RACHEL BAIMAN – Cycles

Signature Sounds Recordings
Folk, Pop
RACHEL BAIMAN - Cycles

Voici un demi-siècle, les choses paraissaient simples. Inspirées par le folk-boom de la décennie précédente, les female singer-songwriters se répartissaient plus ou moins selon deux catégories: les égéries (Joni Mitchell, Judy Collins, Buffy Sainte-Marie…) et les populaires (Melanie, Carole King…). Et sans ostracisme outrancier, ces damoiselles faisaient pratiquement jeu égal avec les James Taylor, Gene Clark, Neil Young et Cat Stevens d’alors: c’était la musique que reprenaient les buskers des trottoirs et couloirs de métro de par le vaste monde. Cinq décennies plus tard, on ne sait plus où donner de l’oreille, tant les femmes, sans avoir toutefois conquis la parité à laquelle elles aspirent en légitimité, pullulent dans le registre du folk et de l’americana actuels, au point que l’auditeur moyen peine désormais à y discerner le bon grain de l’ivraie. Autant dire que les nouvelles venues dans ce registre ont plus que jamais intérêt à se distinguer, tant en termes de personnalité et de pertinence que de savoir-faire.

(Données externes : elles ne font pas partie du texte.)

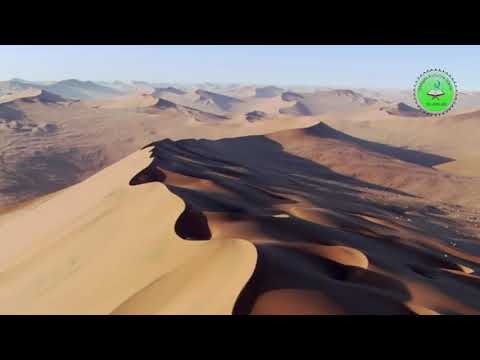 11 - Meditime Kuranore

Après avoir grandi à Chicago, Rachel Baiman a longtemps vécu à Nashville, où elle a d’abord officié en tant que multi-instrumentiste de sessions (au banjo, à la guitare ou au violon) et productrice, avant d’enregistrer en 2017 (et en Caroline du Nord) son premier album personnel, “Shame”. Pour son ci-devant successeur, elle s’est envolée pour Melbourne, afin de s’y placer sous les auspices d’Olivia Hally, elle aussi productrice et multi-instrumentiste. Mais il faut concéder que ses premières plages ne lui rendent guère justice: co-signées par Hally, elles versent en effet davantage vers la folk pop d’une Julia Stone que vers la grande Gillian Welch, à laquelle certains chroniqueurs enthousiastes l’ont un peu trop vite comparée à ses débuts. La cover du “Rust Belt Fields” de Slaid Cleaves et Rod Picott corrige à point nommé ce malentendu, mais il n’empêche que ce sont surtout ses propres “Hope It Hurts” et “Young Love”, ainsi que les poignants “Shifts In The Night” et “No Good Time For Dying”, qui emportent ici l’adhésion. Rachel Baiman se situe donc à la croisée des chemins: pourvu qu’elle persiste à cultiver et valoriser l’authentique singularité que révèlent son songwriting et son ancrage radical, elle se détachera du peloton où pourraient sinon la confiner des mièvreries de l’ordre de ces “Wyoming Wildflowers”.